A lo largo de la pared trasera, se alineaban las ventanas del comedor, la cocina, el cuarto de desayuno y la sala de estar, a la que conducían unas puertas francesas. O’Hara intentó abrirlas a sabiendas de que las encontraría cerradas con llave. Y así fue.

El patio estaba desnudo. No había tiestos ni muebles de jardín. La piscina había sido vaciada, tal vez para reparaciones.

Plantado ante las puertas francesas, O’Hara miró la casa situada al norte de ésta. Una pared formada con bloques de escoria, y que medía aproximadamente un metro ochenta, separaba esta propiedad de la siguiente. Por tanto, él no podía ver más que el segundo piso de la otra casa. Estaba a oscuras. Hacia el sur, más allá de otra pared, era visible la segunda planta de otra casa. Se hallaba inundada de luz. Al menos no había nadie mirando por las ventanas.

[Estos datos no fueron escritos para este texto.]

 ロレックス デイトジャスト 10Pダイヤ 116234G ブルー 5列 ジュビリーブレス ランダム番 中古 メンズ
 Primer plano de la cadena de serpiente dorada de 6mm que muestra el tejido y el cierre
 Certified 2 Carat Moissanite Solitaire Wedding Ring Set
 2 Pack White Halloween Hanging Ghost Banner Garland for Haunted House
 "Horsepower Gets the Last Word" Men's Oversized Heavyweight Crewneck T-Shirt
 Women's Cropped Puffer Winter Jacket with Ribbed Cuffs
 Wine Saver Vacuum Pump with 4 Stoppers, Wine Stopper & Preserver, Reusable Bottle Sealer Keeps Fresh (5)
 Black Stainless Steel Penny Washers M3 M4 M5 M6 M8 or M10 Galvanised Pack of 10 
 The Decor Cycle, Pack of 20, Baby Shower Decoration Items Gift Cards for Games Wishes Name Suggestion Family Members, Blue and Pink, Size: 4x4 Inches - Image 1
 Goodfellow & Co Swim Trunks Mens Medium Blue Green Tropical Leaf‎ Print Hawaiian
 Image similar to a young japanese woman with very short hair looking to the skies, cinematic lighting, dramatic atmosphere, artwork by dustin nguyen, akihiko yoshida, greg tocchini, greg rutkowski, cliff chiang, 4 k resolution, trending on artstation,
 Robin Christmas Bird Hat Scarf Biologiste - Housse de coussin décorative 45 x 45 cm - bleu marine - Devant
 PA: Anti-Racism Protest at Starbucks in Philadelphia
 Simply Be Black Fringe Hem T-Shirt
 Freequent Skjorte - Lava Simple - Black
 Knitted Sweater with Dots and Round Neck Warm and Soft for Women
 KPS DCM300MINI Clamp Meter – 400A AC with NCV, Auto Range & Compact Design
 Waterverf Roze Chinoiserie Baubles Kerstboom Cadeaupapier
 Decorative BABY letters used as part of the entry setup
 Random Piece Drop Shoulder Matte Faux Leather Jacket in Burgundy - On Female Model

La parte trasera de la propiedad tenía también una pared divisoria. El edificio de ese lado era a todas luces de una sola planta, pues no se veía nada desde el patio donde estaba O’Hara.

Entonces, sacó una linterna de la bolsa y la utilizó para examinar el acristalado de las puertas francesas y de una de las ventanas. Se movió aprisa, temeroso de ser descubierto. Buscó alambres conductores. Células fotoeléctricas… cualquier cosa que indicara la presencia en la casa de un dispositivo de alarma contra el allanamiento. Aquél era el vecindario típico en el que una tercera parte de las viviendas estaría equipada de esa forma. No encontró ningún indicio de que perteneciera a esa tercera parte.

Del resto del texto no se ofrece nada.